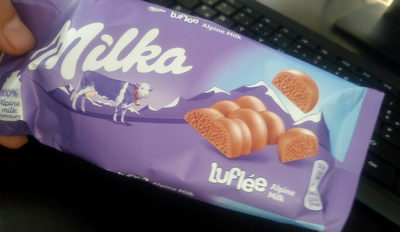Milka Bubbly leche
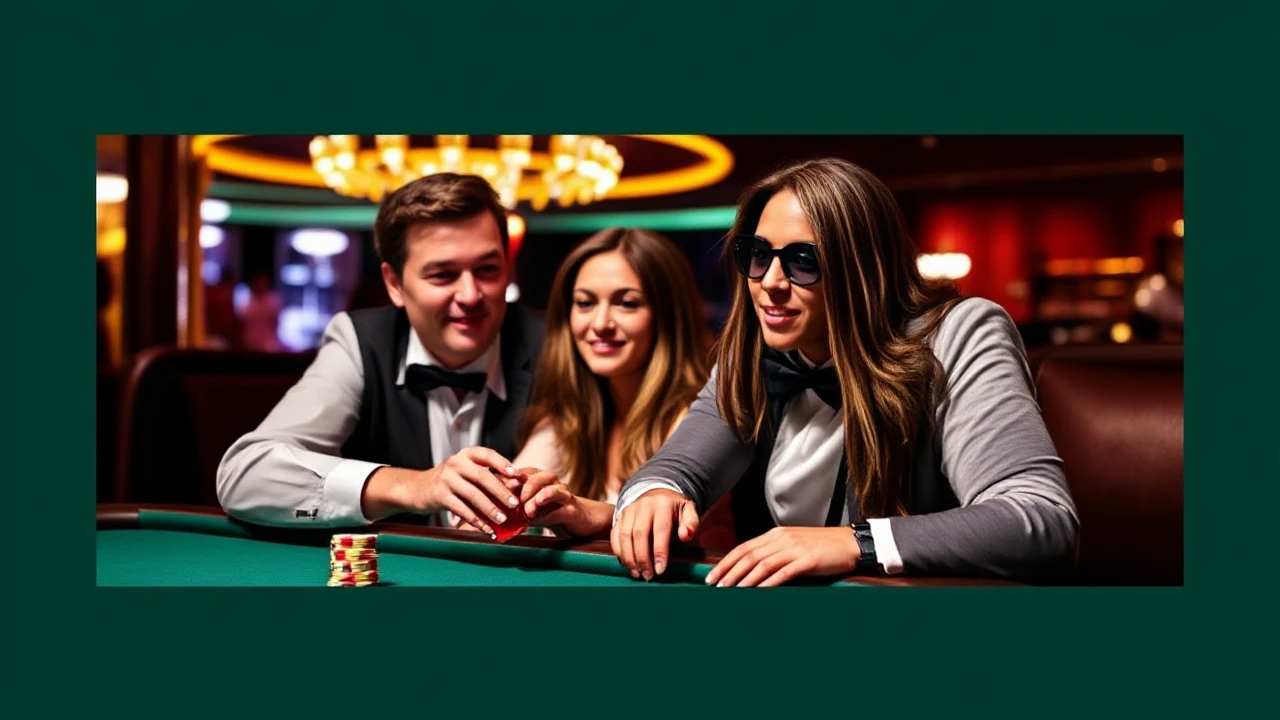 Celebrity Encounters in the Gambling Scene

——

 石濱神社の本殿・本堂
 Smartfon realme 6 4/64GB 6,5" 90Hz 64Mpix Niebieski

——

Your task: What you write out is the stretch of entries from the line containing "Milka Bubbly leche" to the line containing "Celebrity Encounters in the Gambling Scene", word for word, with both end lines and no pictures.

Answer space:
Milka Bubbly leche
 Celebrity Encounters in the Gambling Scene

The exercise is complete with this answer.